Return each line exactly, from the one that has "There is a feature" through the end of the entries, both ends included. Pictures do not belong.

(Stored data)
>>
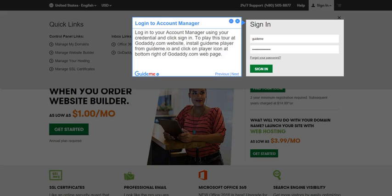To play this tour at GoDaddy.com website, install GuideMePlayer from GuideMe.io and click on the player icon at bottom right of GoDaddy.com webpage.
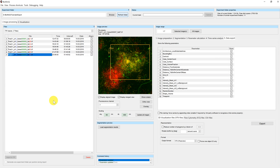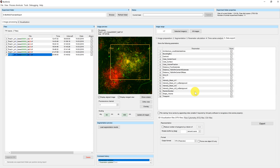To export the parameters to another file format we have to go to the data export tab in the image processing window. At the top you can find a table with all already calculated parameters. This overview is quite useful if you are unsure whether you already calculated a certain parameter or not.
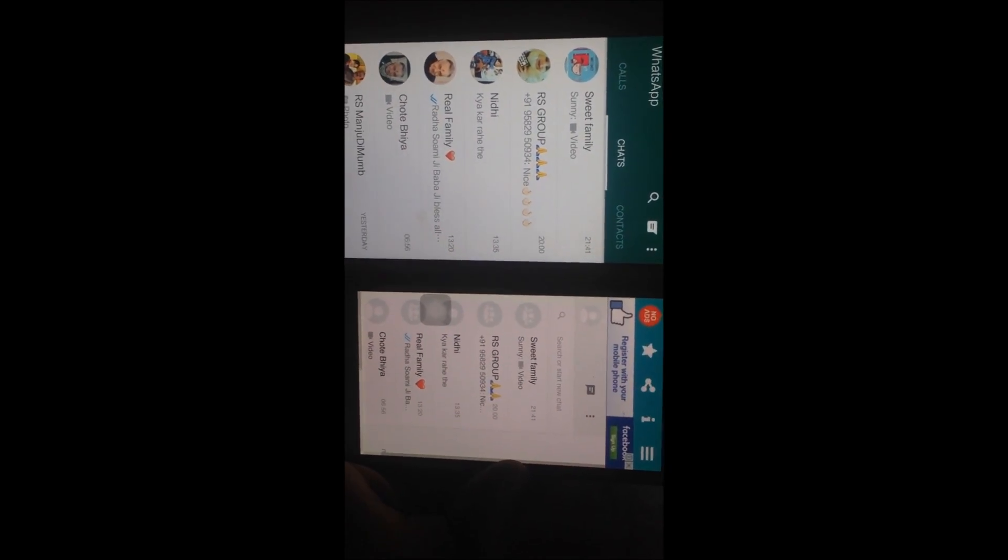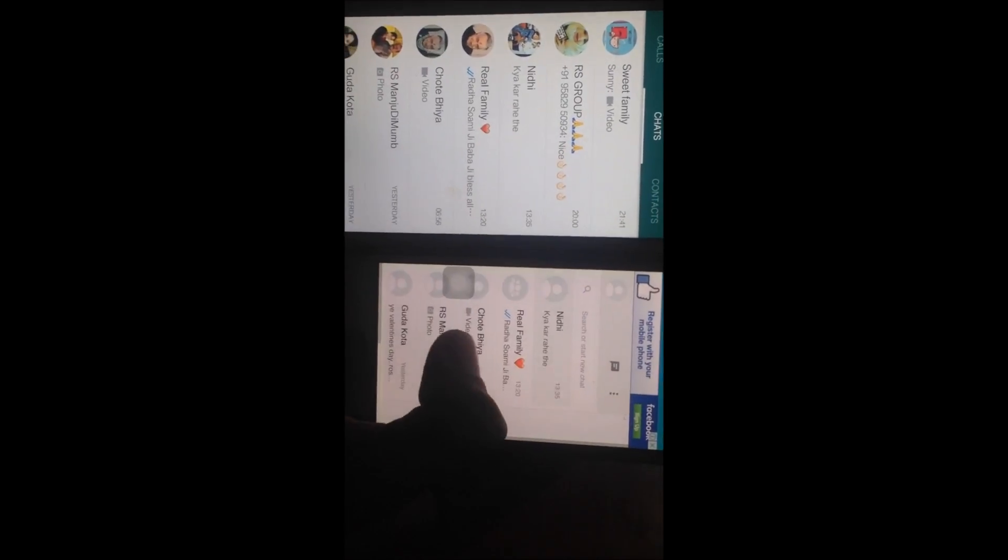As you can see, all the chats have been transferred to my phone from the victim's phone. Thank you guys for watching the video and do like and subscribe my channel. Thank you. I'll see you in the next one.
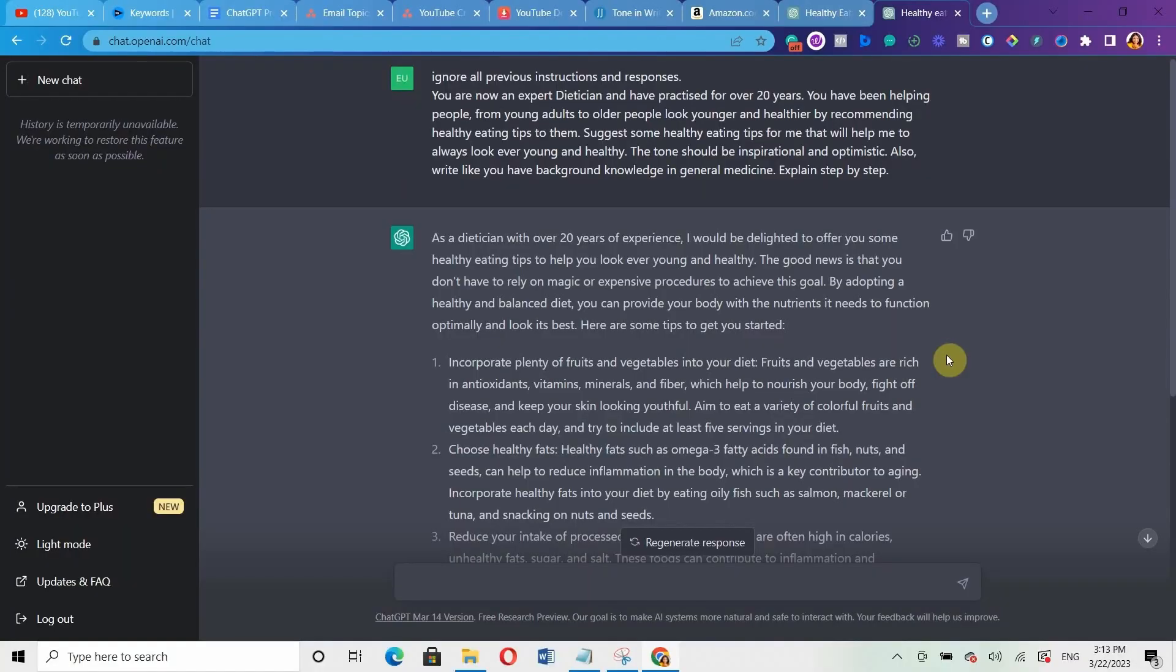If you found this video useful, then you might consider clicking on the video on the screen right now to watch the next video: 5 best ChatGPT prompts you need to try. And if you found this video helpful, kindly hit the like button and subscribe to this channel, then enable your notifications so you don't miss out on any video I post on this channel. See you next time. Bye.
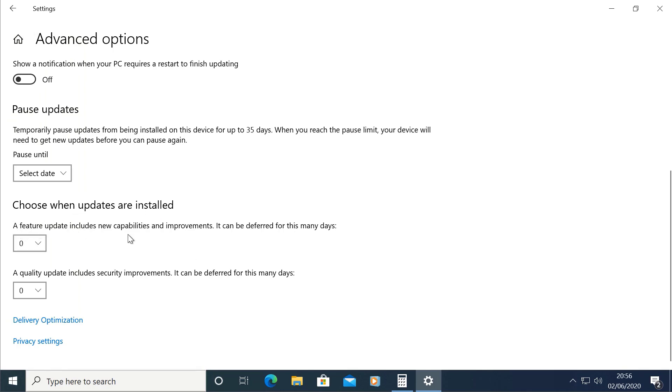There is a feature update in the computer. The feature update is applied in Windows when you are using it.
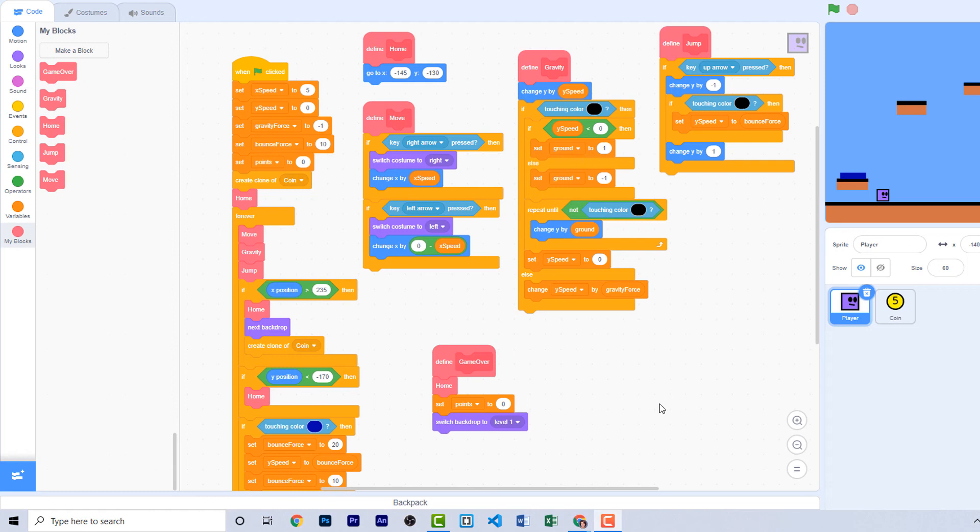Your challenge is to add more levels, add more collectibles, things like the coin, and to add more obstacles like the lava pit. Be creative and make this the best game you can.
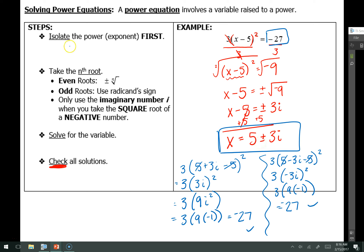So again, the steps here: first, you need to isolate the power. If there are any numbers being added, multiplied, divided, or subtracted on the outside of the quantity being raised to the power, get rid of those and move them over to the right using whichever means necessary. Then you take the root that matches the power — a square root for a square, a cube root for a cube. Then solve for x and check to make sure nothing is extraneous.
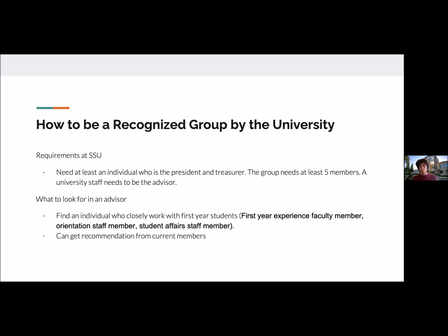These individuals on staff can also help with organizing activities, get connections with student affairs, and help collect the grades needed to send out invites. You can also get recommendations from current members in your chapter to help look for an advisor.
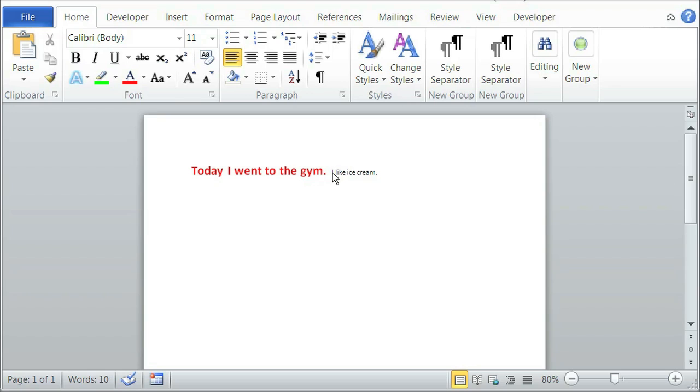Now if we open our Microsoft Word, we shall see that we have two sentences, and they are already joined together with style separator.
<<
# Completed exercise:
There is a feature update in the computer. The feature update is applied in Windows when you are using it.
Your challenge is to add more levels, add more collectibles, things like the coin, and to add more obstacles like the lava pit. Be creative and make this the best game you can.
So again, the steps here: first, you need to isolate the power. If there are any numbers being added, multiplied, divided, or subtracted on the outside of the quantity being raised to the power, get rid of those and move them over to the right using whichever means necessary. Then you take the root that matches the power — a square root for a square, a cube root for a cube. Then solve for x and check to make sure nothing is extraneous.
These individuals on staff can also help with organizing activities, get connections with student affairs, and help collect the grades needed to send out invites. You can also get recommendations from current members in your chapter to help look for an advisor.
Now if we open our Microsoft Word, we shall see that we have two sentences, and they are already joined together with style separator.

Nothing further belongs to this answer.